Senior investment experts this week cast doubt on the ability of recent listing reforms to attract new IPOs to London.
The changes—a loosening of rules for dual-class shares and the end of shareholder votes for significant transactions—went ahead last week, despite opposition from bodies such as the International Corporate Governance Network (ICGN), a body representing investment managers.
At the ICGN’s annual conference in London this week, speakers took aim at the reforms.
Jenn-Hui Tan, chief sustainability officer at fund manager Fidelity, said that Singapore and other Asian markets had introduced dual-class shares, but had failed to win IPOs from the US.
He argued that cherry picking US-style arrangements, such as dual class shares or high chief executive pay, would not guarantee success in winning IPO business back to London.
“The US is special for a whole constellation of factors,” he said, “not least the whole world’s reserve currency and having one of the most dynamic economies in the world.”
Tan was speaking in a session devoted to the subject of attracting IPOs to the UK and Europe in the face of enormous success in the US markets.
Last week, within days of Labour taking over UK government after 14 years in opposition, the Financial Conduct Authority announced reforms that would end the use of sunset clauses for dual-class shares, and lift requirements for shareholder vote on qualifying transactions.

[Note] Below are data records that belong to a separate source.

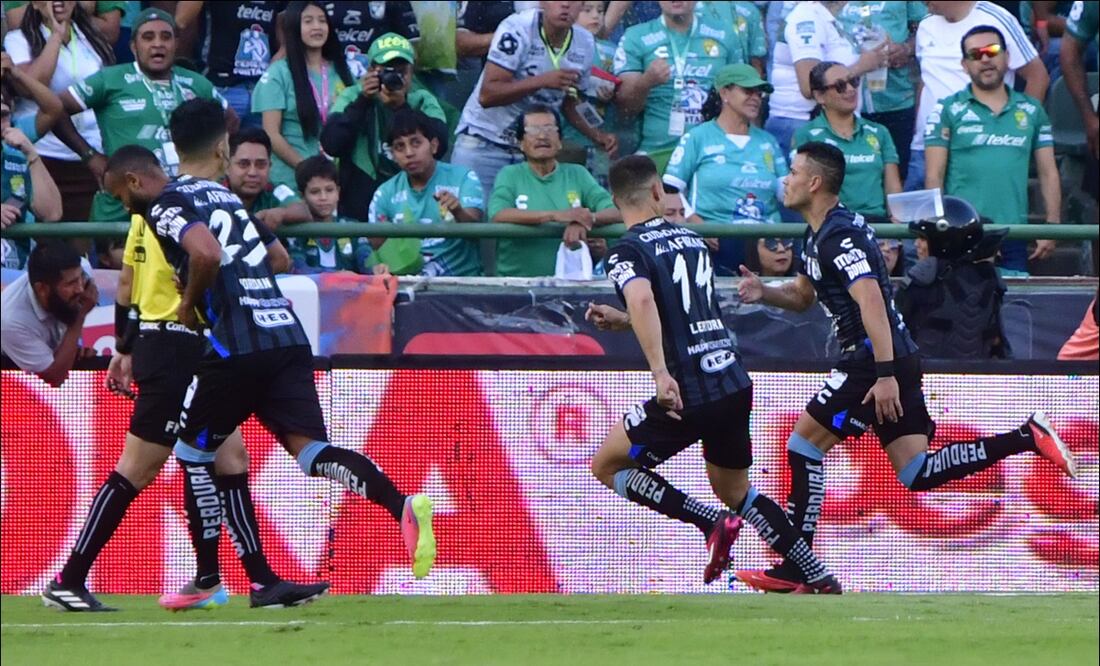 Pablo Barrera, de Querétaro, celebra su gol ante León. FOTO: Imago7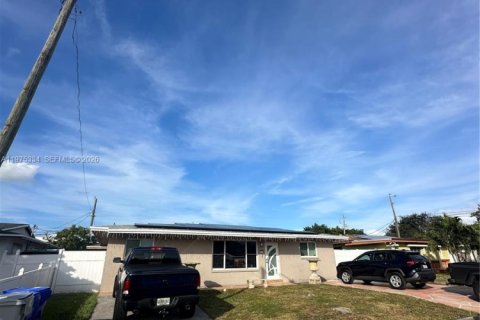 Купить виллу или дом в Помпано-Бич, Флорида 3 спальни, № 2041383 - фото 23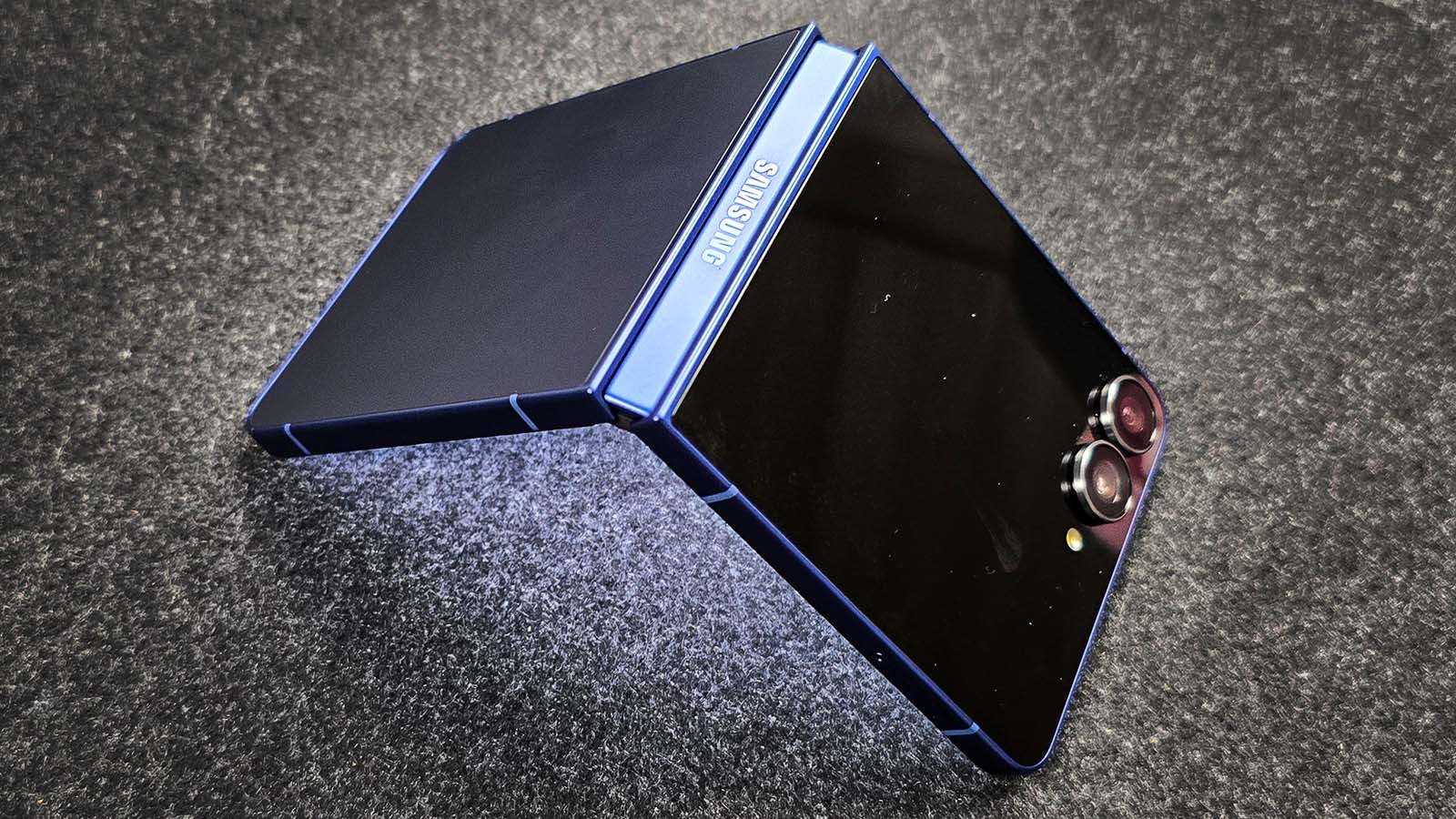 Samsung Galaxy Z Flip 7 compact foldable review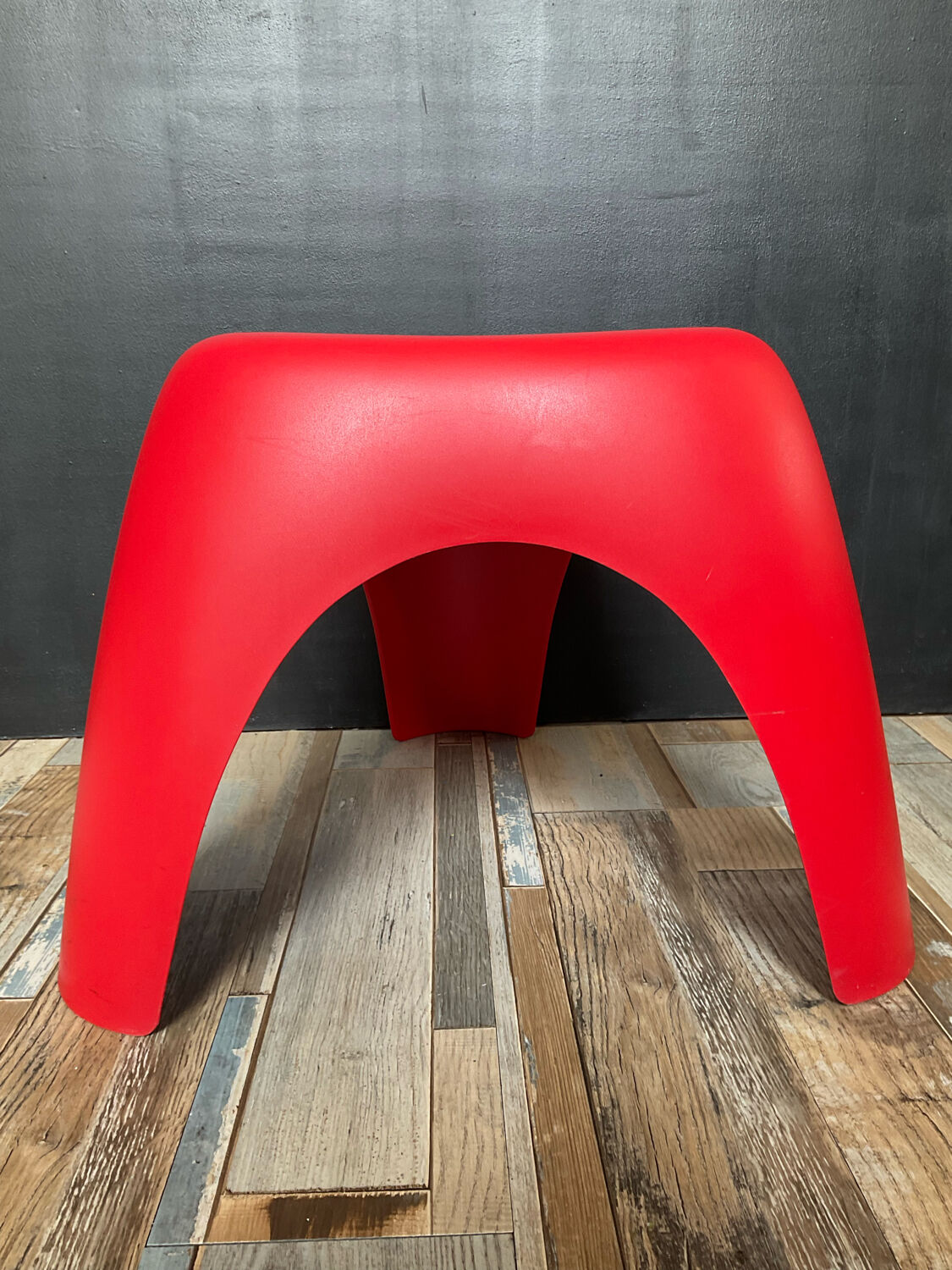 Stool elephant design Sori Yanagi for Vitra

The ICGN caused anger in the City when, in June, it called for a halt to the listings reform, arguing that the FCA had failed to listen to investors’ concerns.
Listings fall
The reforms come at a time when there is deep concern about the number of listings in London compared with the US. The worries prompted a long-running lobbying campaign by the Capital Markets Industry Taskforce, a campaign body led by London Stock Exchange chief executive Julia Hoggett, which, in October last year, persuaded the then Conservative government to abandon planned new corporate reporting requirements.
Hoggett has also led efforts to talk up the need for higher levels of CEO pay as part of making the City more competitive. Her own boss, David Schwimmer, chief executive of the London Stock Exchange Group, saw his own pay significantly boosted this year.
In ICGN’s IPO discussion, Tan added that he thought “silver bullets” would not create new IPOs. “All it means is that your listings get transferred from one market to another.”
He argued the better way to view IPOs was to view them as part of a “broad, holistic” approaching to scaling SME in an economy. “That to me is the social purpose of having your own stock market,” Tan said.
The conference also heard of the need for the “consolidation” of European stock markets as part of the EU’s proposed Capital Markets Union.
Rients Abma, executive director of Eumedion, a body representing Dutch institutional shareholders, said: “If you are striving to be a real competitor to the US, I don’t think we should proceed with 27 individual exchanges. You have to create a deep, liquid equity market and therefore a precondition is real consultation within the stock exchanges.”